Task details:
Your answer must be only the lines below from the one containing "Main Photo: 614" through the one containing "Nikon D610 body", copied exactly, with the pictures left out.

Raw data:
# # # # #
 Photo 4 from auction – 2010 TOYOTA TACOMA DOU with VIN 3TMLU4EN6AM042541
# # # # #
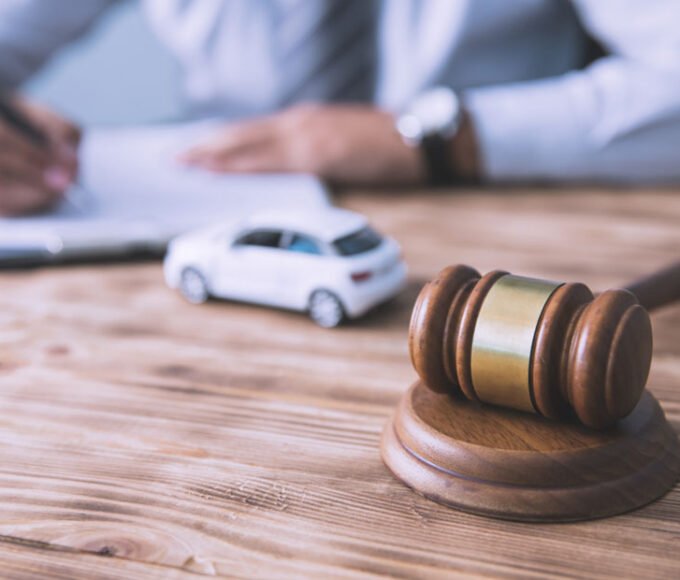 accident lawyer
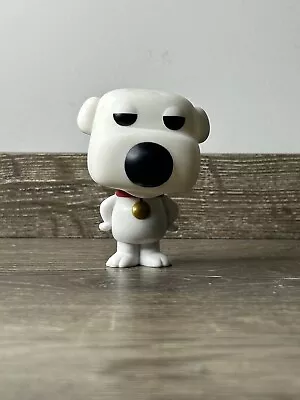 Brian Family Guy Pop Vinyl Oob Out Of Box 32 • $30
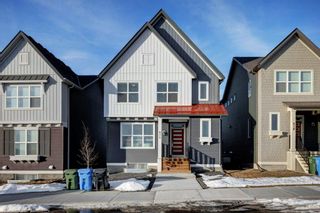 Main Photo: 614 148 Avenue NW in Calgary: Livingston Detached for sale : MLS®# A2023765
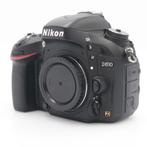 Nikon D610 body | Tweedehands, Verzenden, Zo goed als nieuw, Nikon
# # # # #
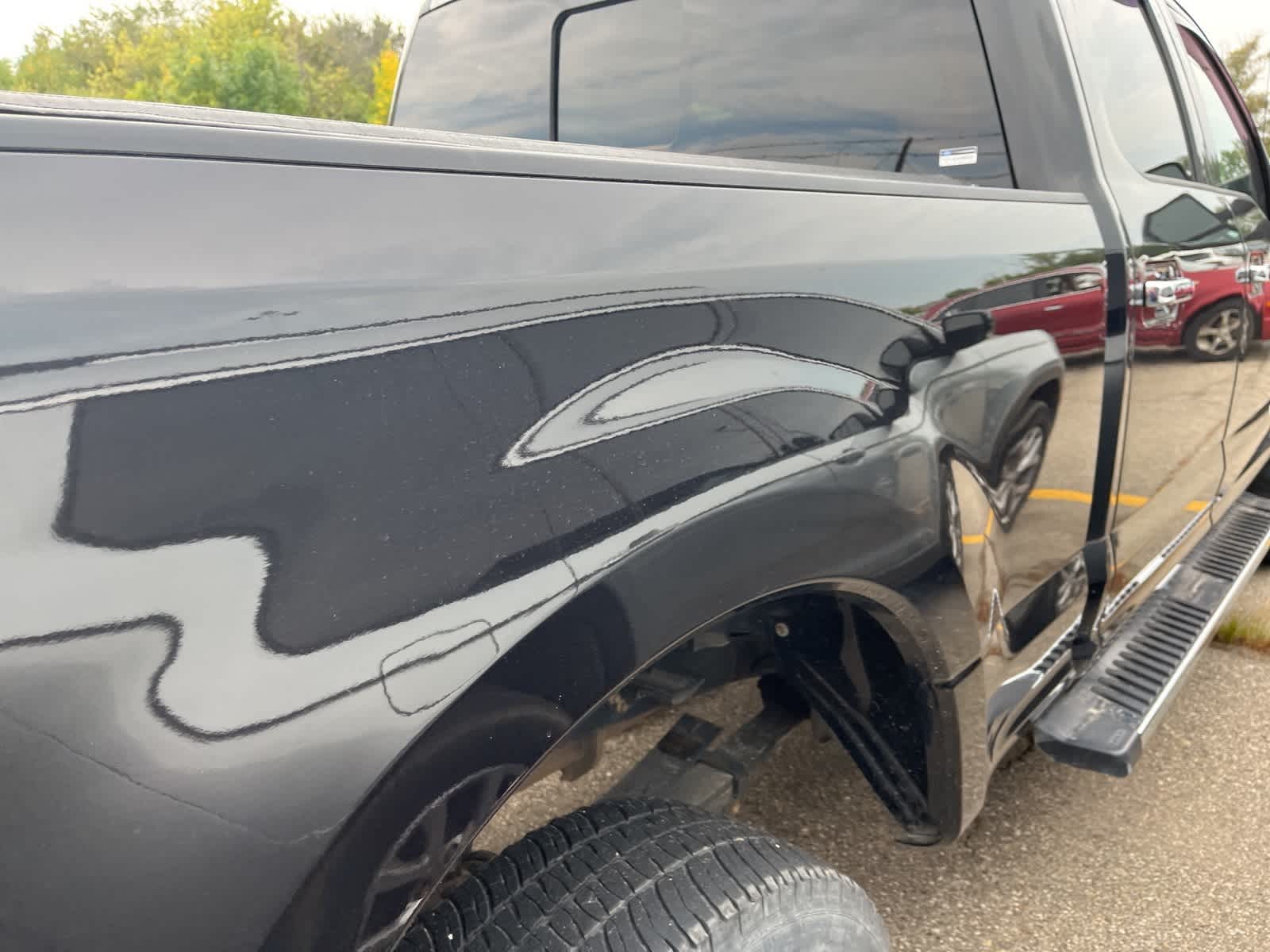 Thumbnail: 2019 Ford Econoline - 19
# # # # #
Solved exercise:
 Main Photo: 614 148 Avenue NW in Calgary: Livingston Detached for sale : MLS®# A2023765
 Nikon D610 body | Tweedehands, Verzenden, Zo goed als nieuw, Nikon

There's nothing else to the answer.